## WORK REQUEST
Output only the lines below that start at the line containing "пикетировали ЛЭО (фото)" and end at the line containing "Used CHANGAN Eado", with both ends kept.

Segment Start: DATASET EXCERPTS

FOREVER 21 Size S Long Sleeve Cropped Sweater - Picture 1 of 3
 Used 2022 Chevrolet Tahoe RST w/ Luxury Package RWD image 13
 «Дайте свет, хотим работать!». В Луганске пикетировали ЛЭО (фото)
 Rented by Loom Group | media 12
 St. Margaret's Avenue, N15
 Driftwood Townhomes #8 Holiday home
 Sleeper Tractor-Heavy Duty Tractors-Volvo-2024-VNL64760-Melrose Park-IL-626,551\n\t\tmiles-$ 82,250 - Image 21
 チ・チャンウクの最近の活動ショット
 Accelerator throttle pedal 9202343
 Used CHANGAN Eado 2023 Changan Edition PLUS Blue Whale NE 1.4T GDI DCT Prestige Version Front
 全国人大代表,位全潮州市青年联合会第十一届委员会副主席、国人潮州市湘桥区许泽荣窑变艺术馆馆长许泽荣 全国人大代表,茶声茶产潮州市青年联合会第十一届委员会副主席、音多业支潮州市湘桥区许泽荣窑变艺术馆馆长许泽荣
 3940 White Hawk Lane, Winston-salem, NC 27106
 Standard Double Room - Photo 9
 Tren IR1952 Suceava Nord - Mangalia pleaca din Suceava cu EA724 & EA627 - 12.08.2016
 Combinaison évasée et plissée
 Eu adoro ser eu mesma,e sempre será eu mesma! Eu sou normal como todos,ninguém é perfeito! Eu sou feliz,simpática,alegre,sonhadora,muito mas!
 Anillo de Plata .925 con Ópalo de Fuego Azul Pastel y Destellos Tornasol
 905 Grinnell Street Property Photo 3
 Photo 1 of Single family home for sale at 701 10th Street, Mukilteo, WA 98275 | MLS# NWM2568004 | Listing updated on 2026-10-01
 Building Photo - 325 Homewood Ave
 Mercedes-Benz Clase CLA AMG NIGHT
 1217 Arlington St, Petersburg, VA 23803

Segment End: DATASET EXCERPTS

## ANSWER
 «Дайте свет, хотим работать!». В Луганске пикетировали ЛЭО (фото)
 Rented by Loom Group | media 12
 St. Margaret's Avenue, N15
 Driftwood Townhomes #8 Holiday home
 Sleeper Tractor-Heavy Duty Tractors-Volvo-2024-VNL64760-Melrose Park-IL-626,551\n\t\tmiles-$ 82,250 - Image 21
 チ・チャンウクの最近の活動ショット
 Accelerator throttle pedal 9202343
 Used CHANGAN Eado 2023 Changan Edition PLUS Blue Whale NE 1.4T GDI DCT Prestige Version Front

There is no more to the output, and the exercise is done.